It finally came.
The illness. It's not surprising. But what is, is how good it feels to just be sick.
I have not been sick since Art was re-diagnosed in January. Mind over body, man!
I have not wanted to be sick, I would not tolerate illness. There was too much to do, to take care of, to work through to get sick.
And now, 5 1/2 months after his death, 9 1/2 months after his diagnosis I am letting my body win.
It's time to purge the stuff. With a blow of my nose I shed an old habit. With a cough I release a anxiety, with the fever I sweat out the staleness, the stuff that keeps me in fear. I release some of the grief within the entire cold.

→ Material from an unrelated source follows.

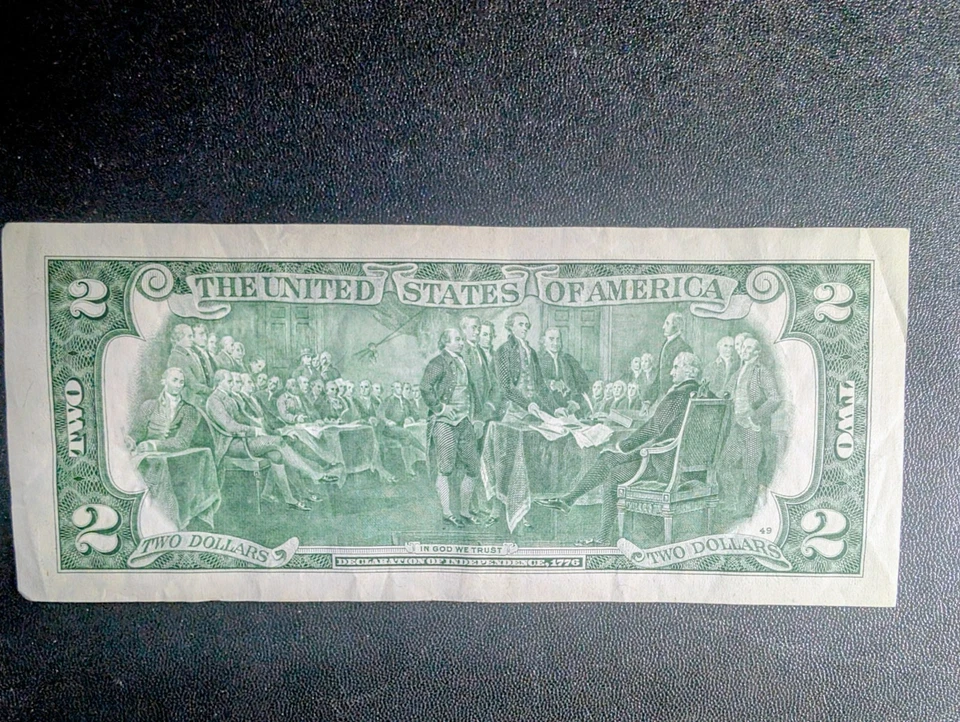 2 доллара банкнота 2013 серии A - Изображение 2 из 2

And I am grateful to stay in my pjs today. I am grateful to not put on make-up or clothes. I am glad to soothe the kids with my confidence, for they are scared. "What happens to us when you get sick?" Langston asked, Pallas and Ezra turning to listen to my response. I smiled. "We have a ton of frozen food and friends who will bring us things if we need it. Don't worry too much, sweetheart. We are supported."
And they turn and go back to their new normal life, seemingly satisfied and reassured with my response.
I raise my water to you, sickness. To the freedom you are granting me today. To giving me time to just sit and nap and watch movies or to do nothing at all!
I too can be just like Scarlet O'Hara!
I will think about that tomorrow... or the day after!